What Most Code Reviews Actually Catch
Most code review comments focus on conventions, variable names, styling, indentation, and missing unit tests. Simple and obvious mistakes are flagged too. Less frequently, reviewers comment on project and code structure, unhandled exceptions, basic optimizations, patterns, and best practices.
What Code Reviews Often Miss — And Why
But errors in algorithms and complex business logic are rarely highlighted during code reviews, along with performance bottlenecks and missed acceptance criteria. While these are difficult to catch, some can be spotted during code reviews, though they often require advanced approaches. Every issue found early significantly reduces the cost of fixing it and speeds up delivery.
So why do we usually miss these issues?
I think the main reasons are:
- CR tools display code differently from IDEs we’re used to. Fonts, colors, and backgrounds don’t match, so our brains don’t focus in the same way.
- Reviewers often read the code file-by-file in the order it appears in the CR. This can hide structure, context, dependencies, and execution order.
- Little time is allocated for CRs. Everyone is busy with their own tasks.
- Static code analysis, compilation warnings, and other advanced IDE features aren’t available in CR tools.
My Deep Review Workflow for Complex Changes
For small changes in familiar code, this isn’t a problem. But for brand-new apps, complex business logic, or deep refactoring, reading the code in a CR tool is not enough.

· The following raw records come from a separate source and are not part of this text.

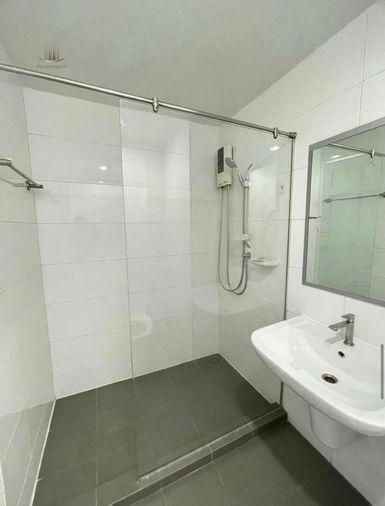 picture Urgent Sale ✨ Tempo One Ramkhamhaeng - Rama 9 ✨ Fully furnished and equipped with appliances. - 9/10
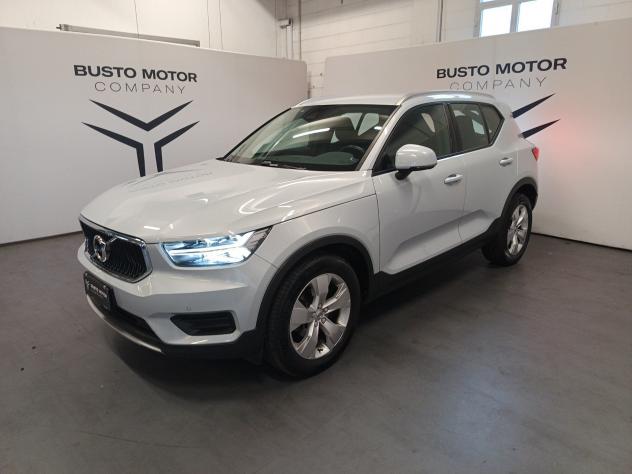 Volvo XC40 XC40 1.5 t3 Business Plus my20 - Foto 3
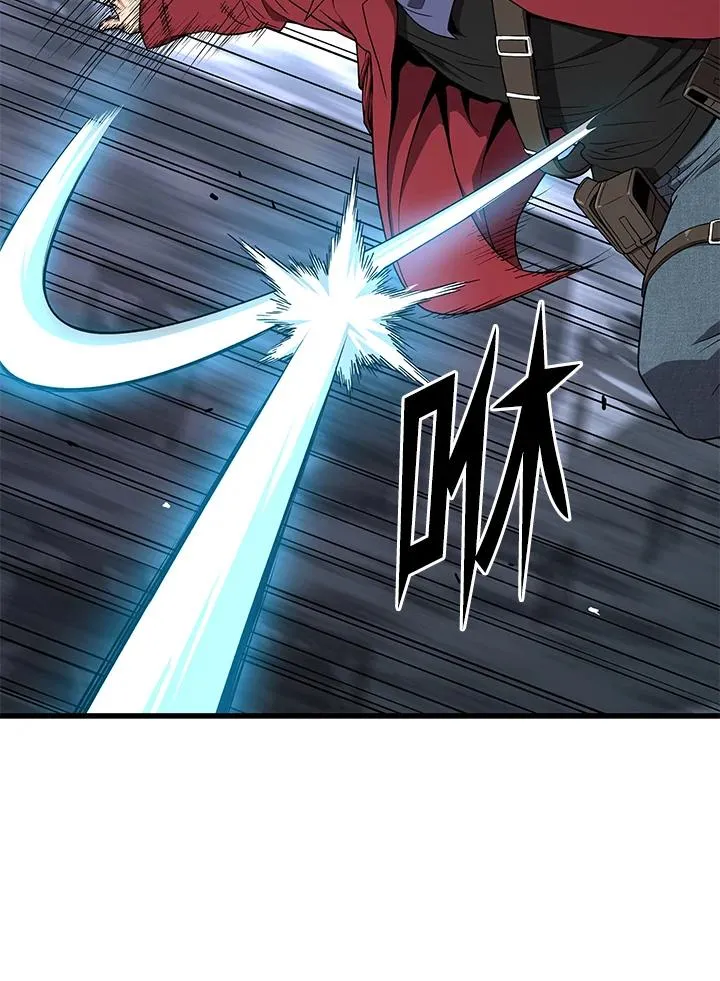 第57话70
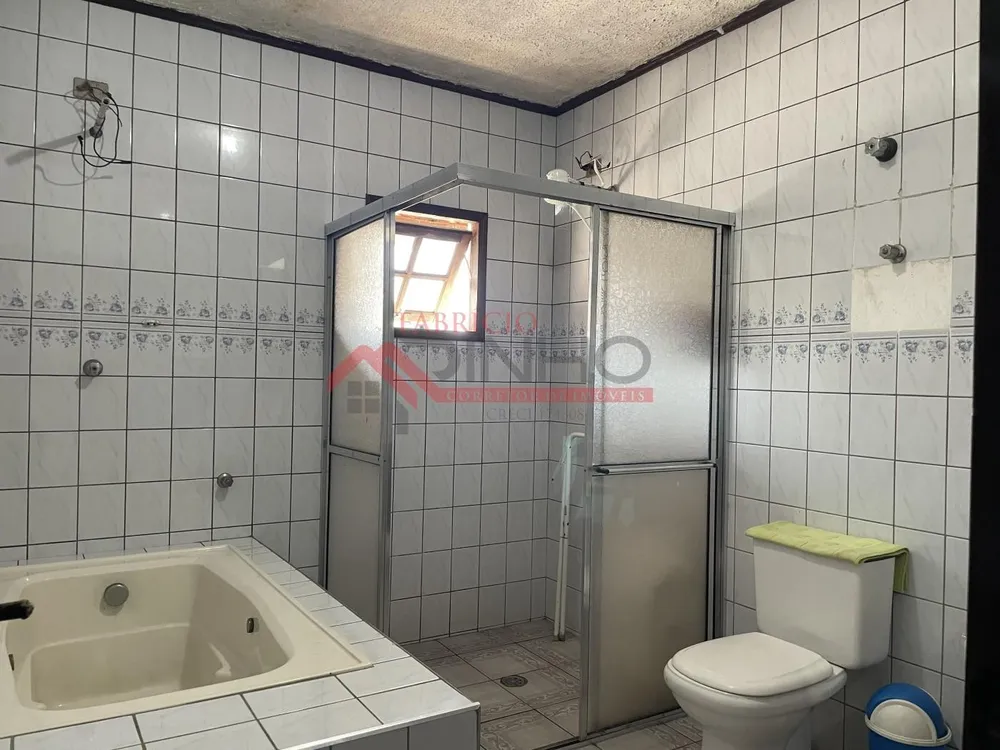 Sobrado, 2 quartos - Foto 14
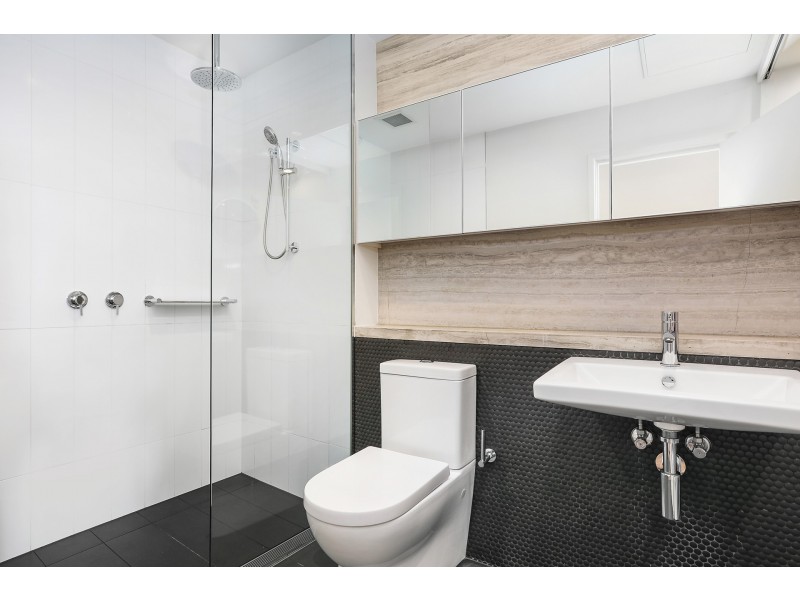 506/23 Archibald Avenue, Waterloo NSW 2017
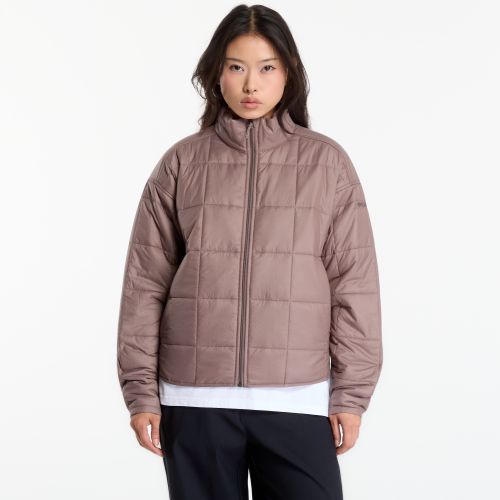 Veste Sienna Hill™ Quilted Jacket S - Columbia - Modalova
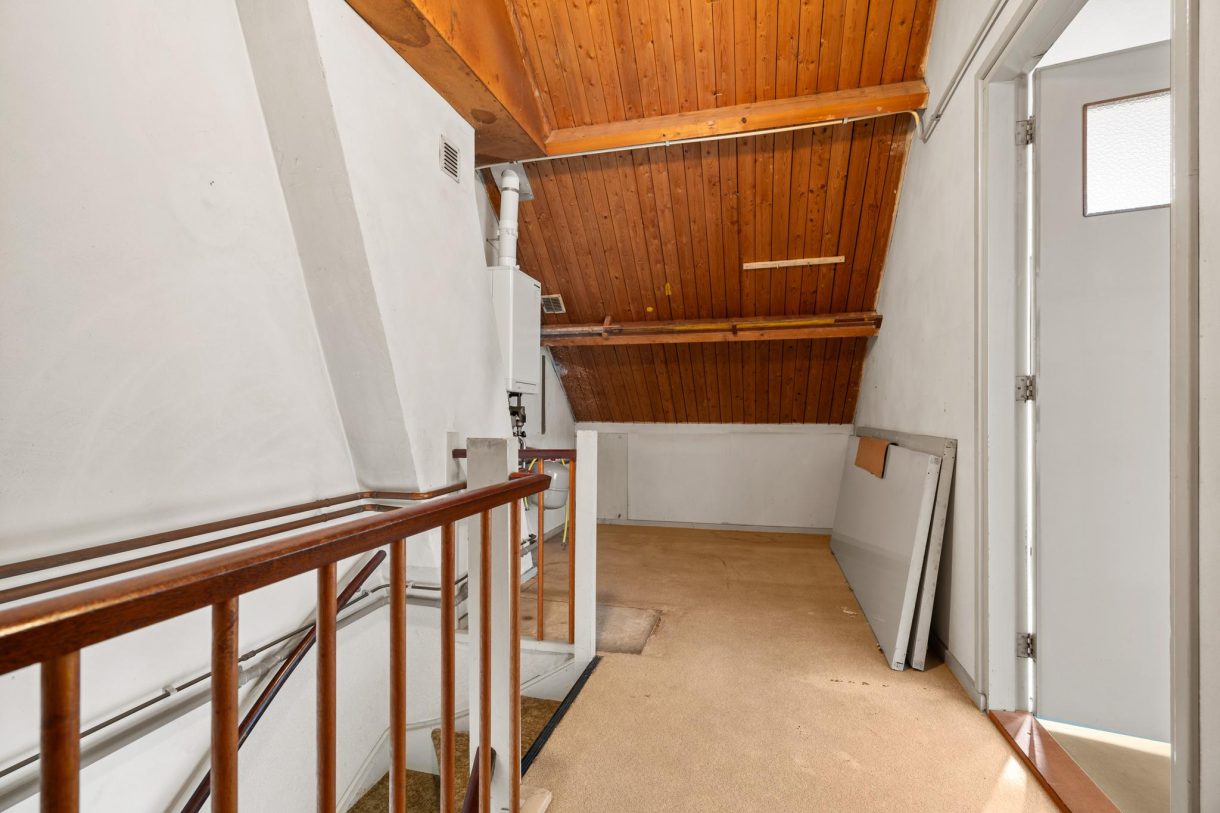 Te koop: Foto Woonhuis aan de Generaal Gavinstraat 44 in Mook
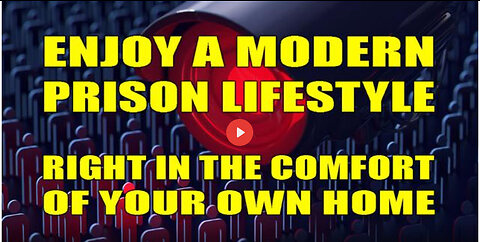 MAX IGAN -Your New Smart Prison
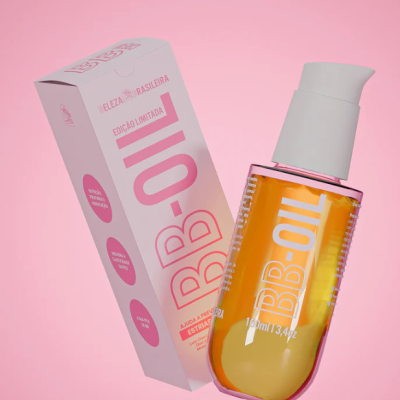 BB&#x20;Oil&#x20;Hidrata&#x00E7;&#x00E3;o&#x20;Profunda&#x20;-&#x20;Beleza&#x20;Brasileira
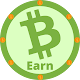 Earn BCH Faucet Download on Windows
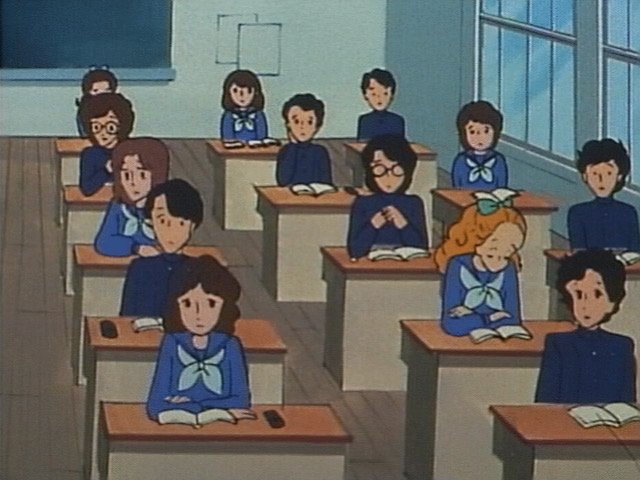 Episode 3
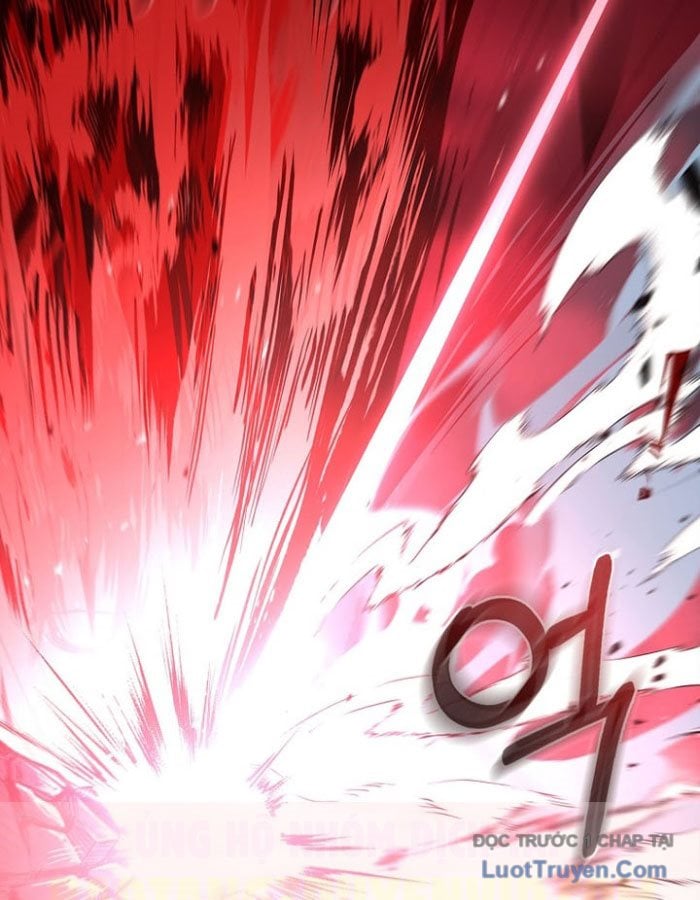 Thiên Tài Ma Pháp Sư Giấu Nghề Chap 107 - Next Chap 108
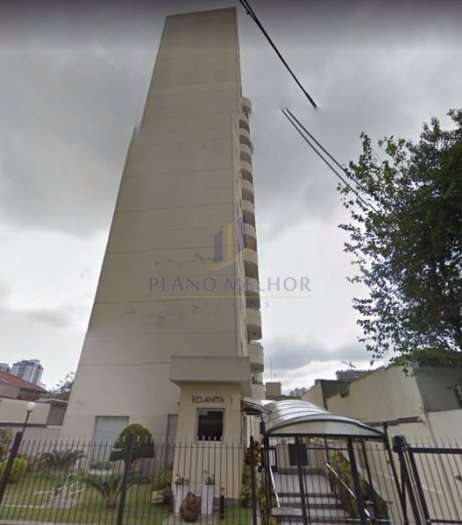 Apartamento, 3 quartos, 235 m² - Foto 67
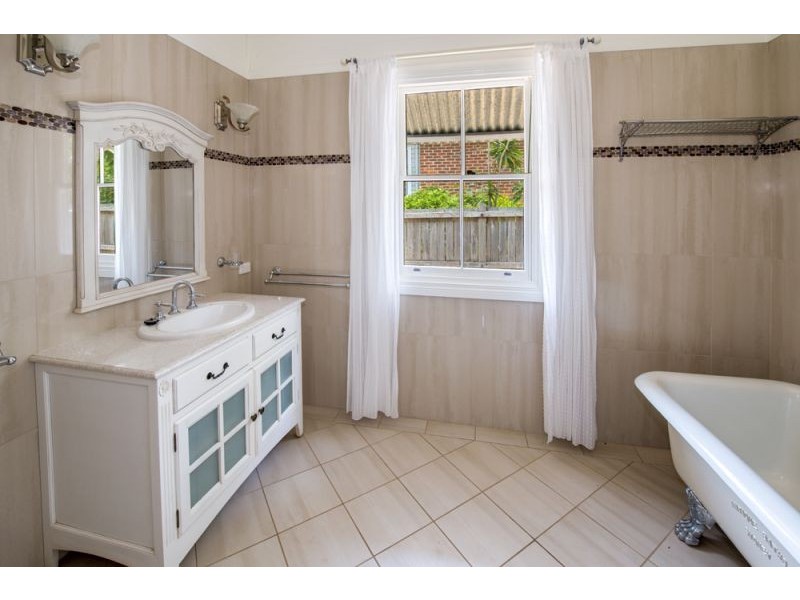 25 William Street, Bellingen NSW 2454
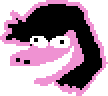 susie-heh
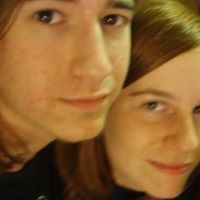 James Griffis Photo 14
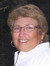 Vicki Joyner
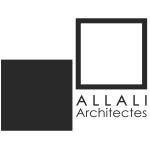 logo_2020_jpg.jpg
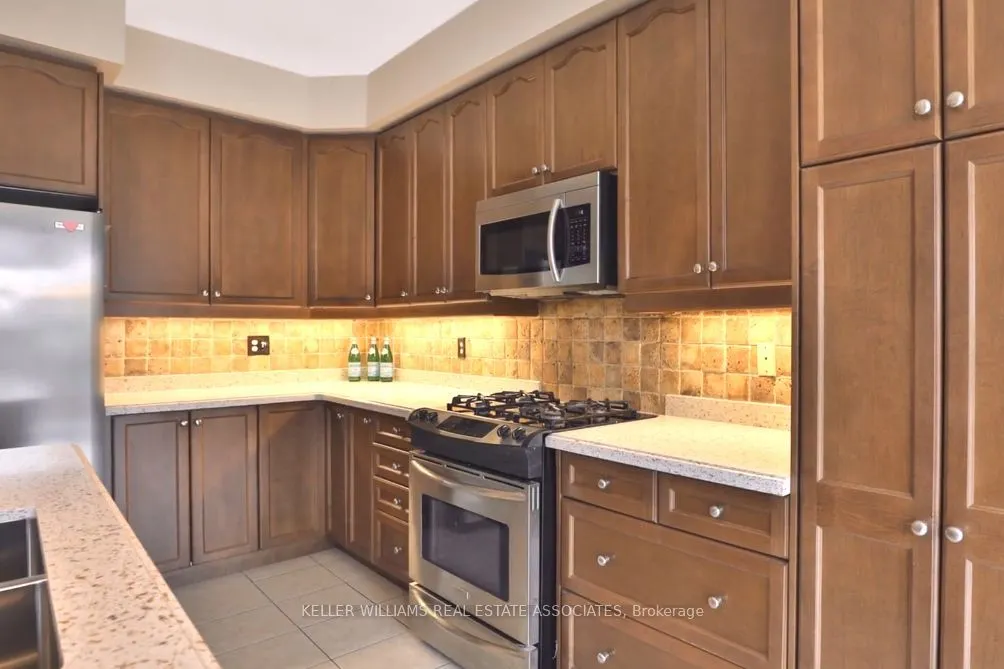 2295 Rochester Circle, #15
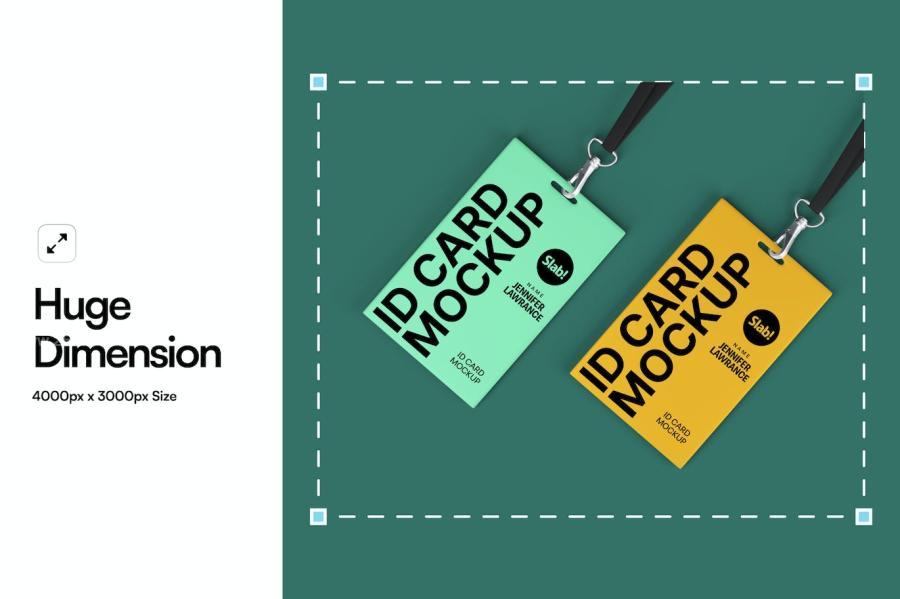 25xt-174187 Id-Card-Mockupz3.jpg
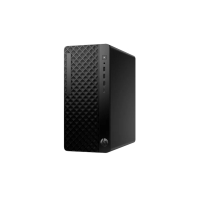 купить Компьютер HP Europe ProDesk 2 Tower G1i (B6XD2ET#BJA) в Алматы фото 2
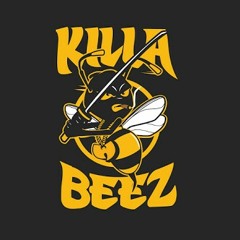 OvejaNegra aka Chernobyl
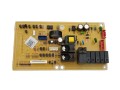 Elektronická řídicí deska do mikrovlnné trouby Samsung DE92-04322H
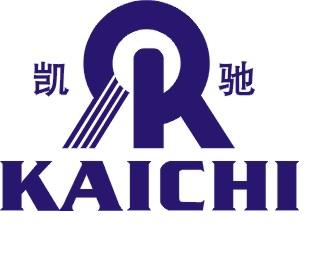 南京凯驰机械有限公司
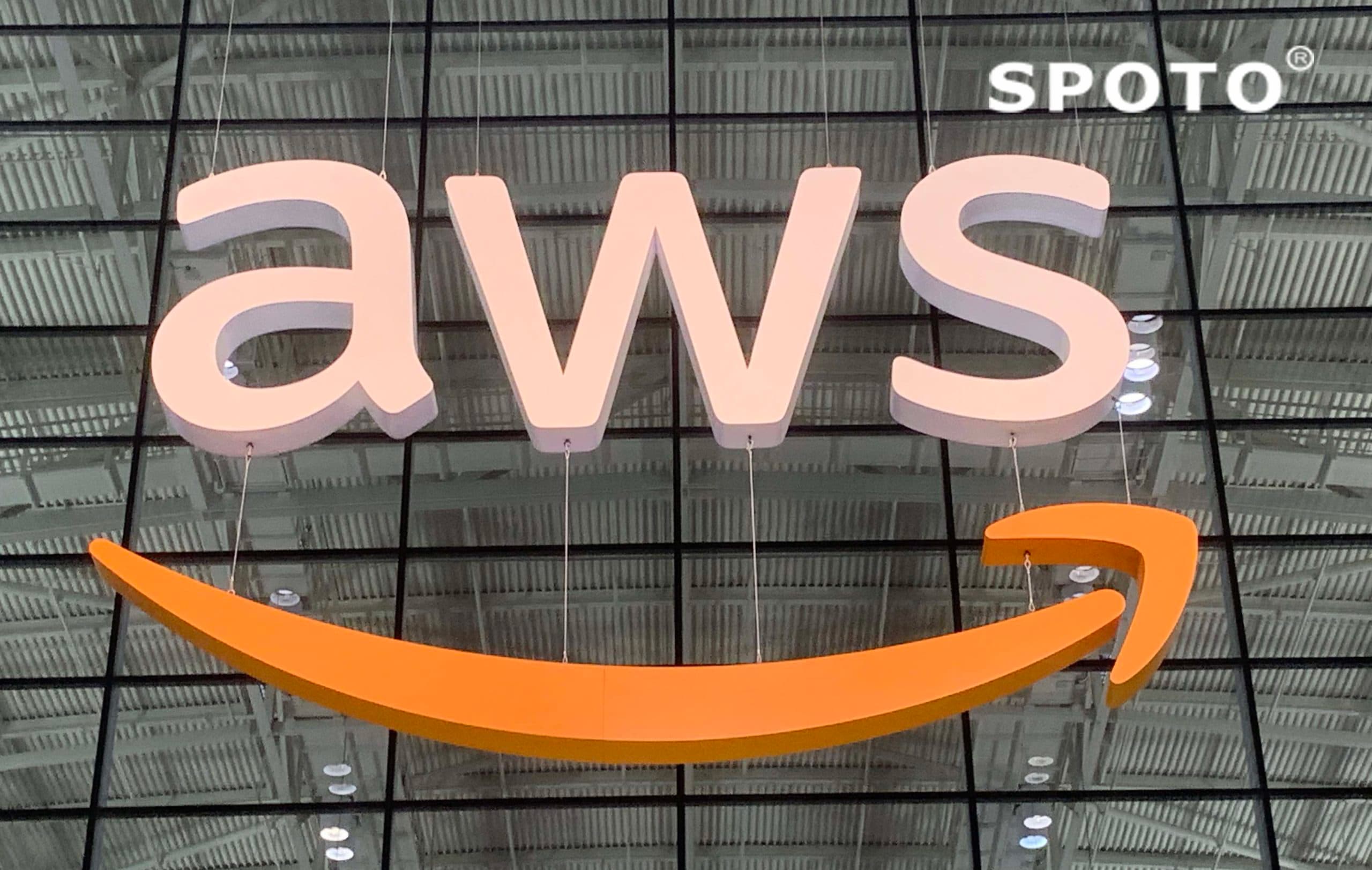 AWS-Advanced-Networking-Specialty Latest Training, Latest AWS-Advanced-Networking-Specialty Guide Files | AWS-Advanced-Networking-Specialty Certification Test Questions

In those cases, I take the “hard way”:
- Read the user story and acceptance criteria.
- Review the code in the CR tool to understand the scope and spot complex areas.
- Open the branch in my IDE and build it. Compiler warnings and static analysis suggestions are good indicators of areas to improve. For some reason, many of them are ignored during development.
- Review from the entry point (for example, a Web API endpoint) or from updated business logic, following the runtime flow. Check the caller code too if it’s present.
- Sometimes, it’s useful to open the documentation or even the third-party library code to ensure correct usage (e.g., if the thrown exceptions are handled in our code).
- If I suspect input or edge case issues, I run the app and test it quickly, or even debug it.
- Use an AI agent to analyze the code. Here I’ve shared useful AI prompts for it.
- Check the code coverage.
This approach is complicated and time-consuming. It may take hours, but it’s usually worth it.
How I Write Review Comments
How I write comments matters too:
- I explain my reasoning and sometimes link to docs or articles.
- For repeating issues, I refer to the first comment or note that the fix applies in multiple places.
- If I’m unsure about the code’s purpose or correctness, I ask for clarification in my comment.
- I suggest authors mark comments as completed or reply to them as “done” rather than resolving them immediately, so I can double-check before approving the change. Sometimes I have a short call with the author after the review.
And how do you approach complex code reviews? What do you focus on?